══ Data to use

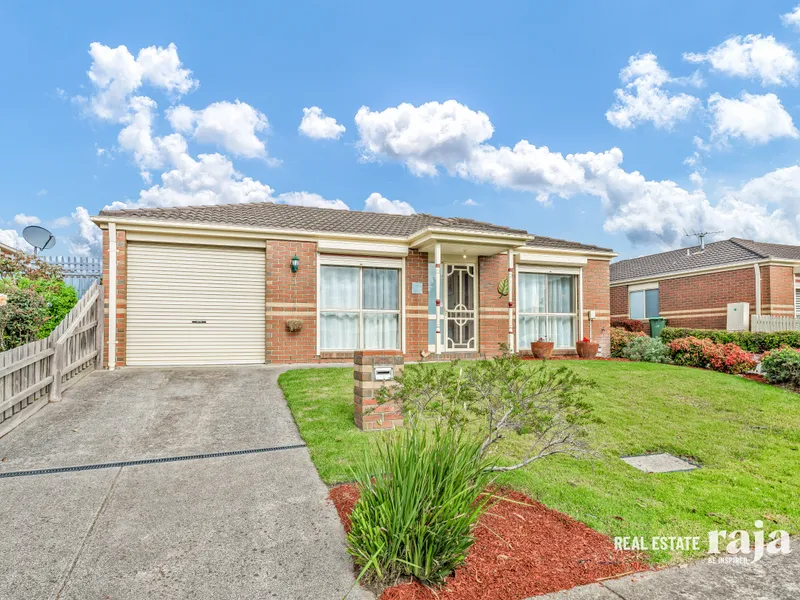 Stylish and Low Maintenance Living!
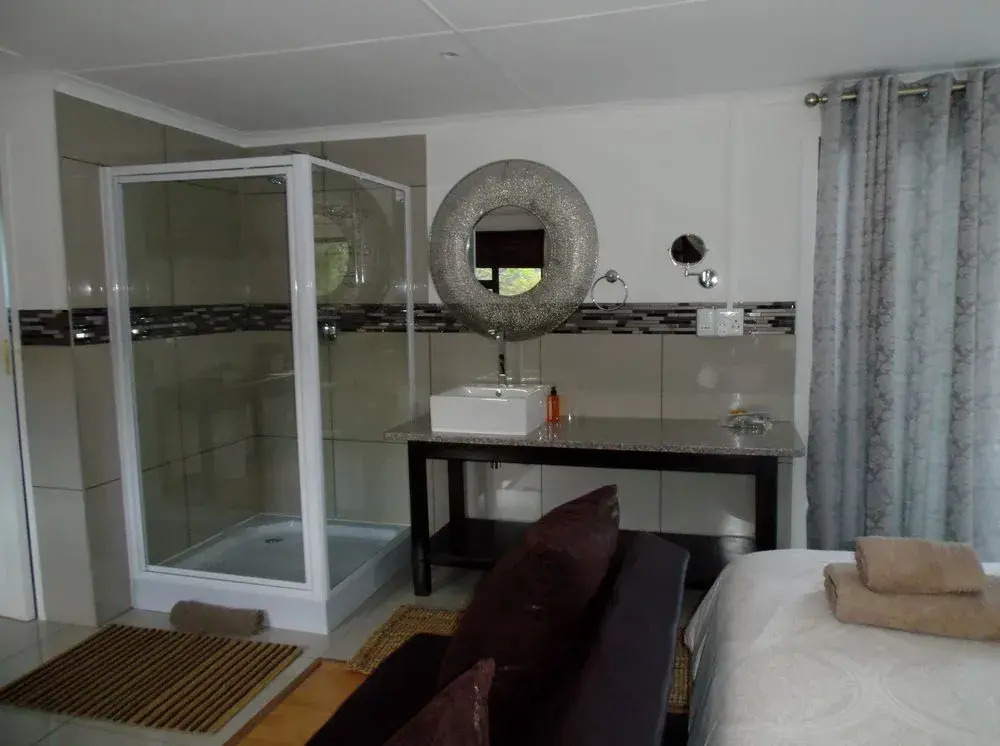 Old Mill Lodge, Seasonal Working Ostrich Farm & Restaurant, Oudtshoorn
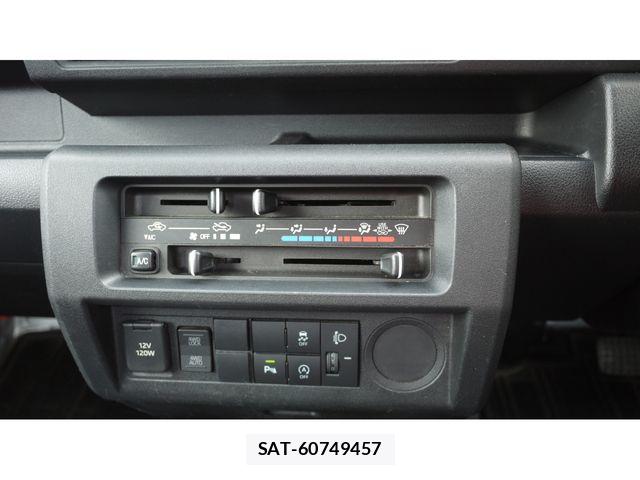 Daihatsu HIJET TRUCK 2023-02 8354639-4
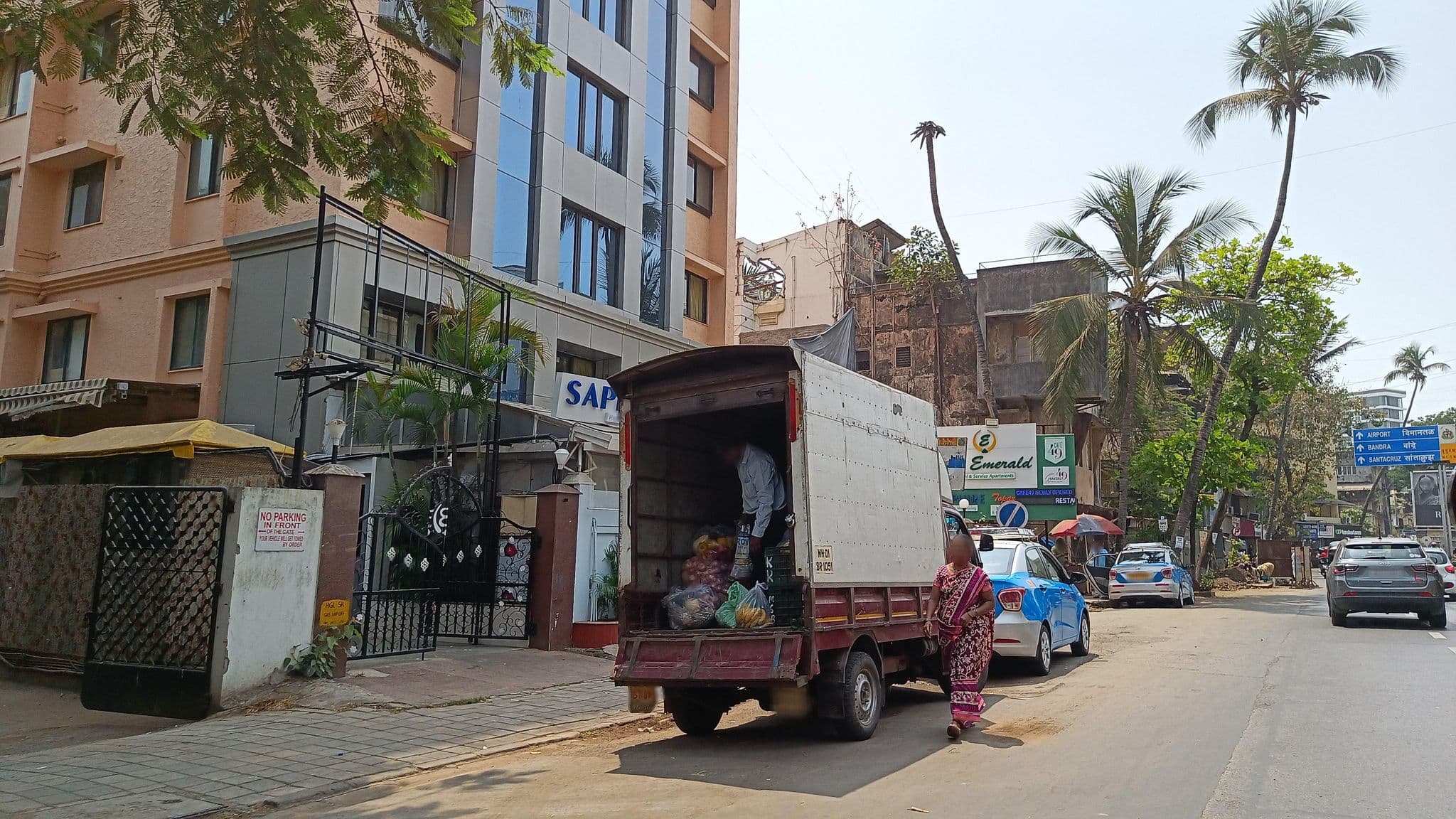 Street view near Best Western The Emerald, Mumbai — © varunbhakhri (CC BY-SA · Mapillary)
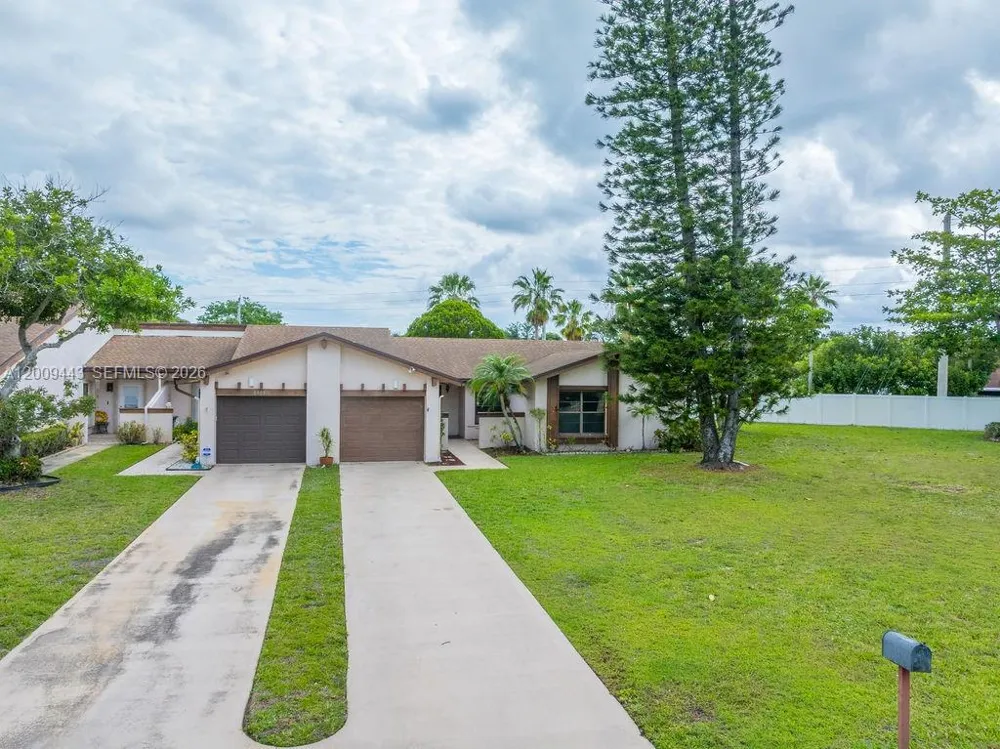 6125 Elsinore Cir Green Acres, FL 33463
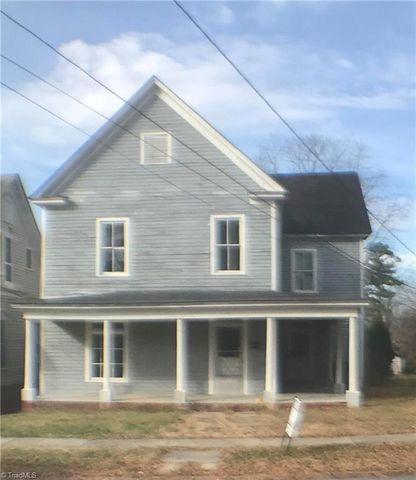 508 Iredell Ave, Spencer, NC 28159-2136
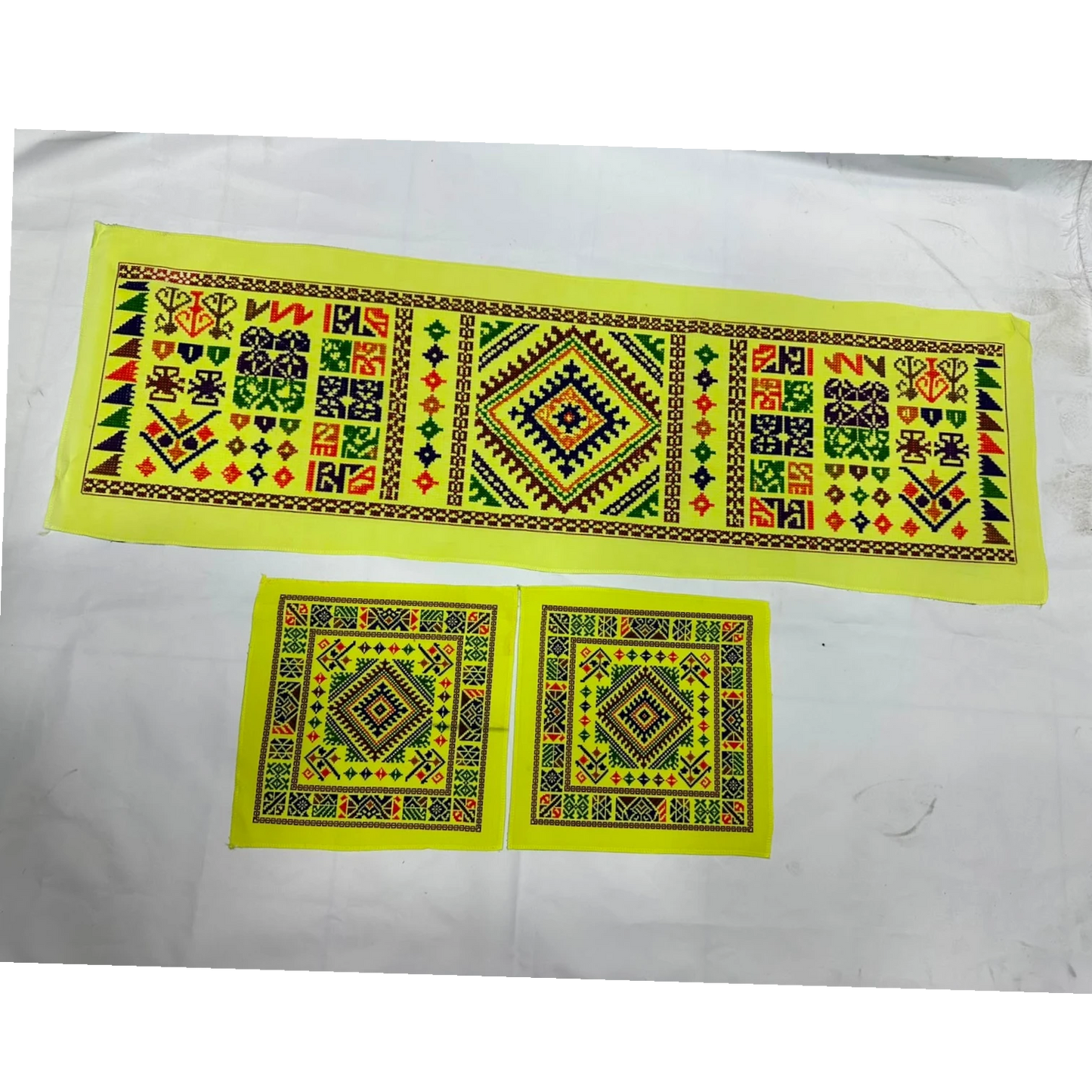 Living Room Tablecloth Set – ASIC Gold color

════

**Problem details:**
Which lines run from the one containing "Street view near" to the end of the entries above? Write them out exactly, leaving out every picture.

**Solution below:**
 Street view near Best Western The Emerald, Mumbai — © varunbhakhri (CC BY-SA · Mapillary)
 6125 Elsinore Cir Green Acres, FL 33463
 508 Iredell Ave, Spencer, NC 28159-2136
 Living Room Tablecloth Set – ASIC Gold color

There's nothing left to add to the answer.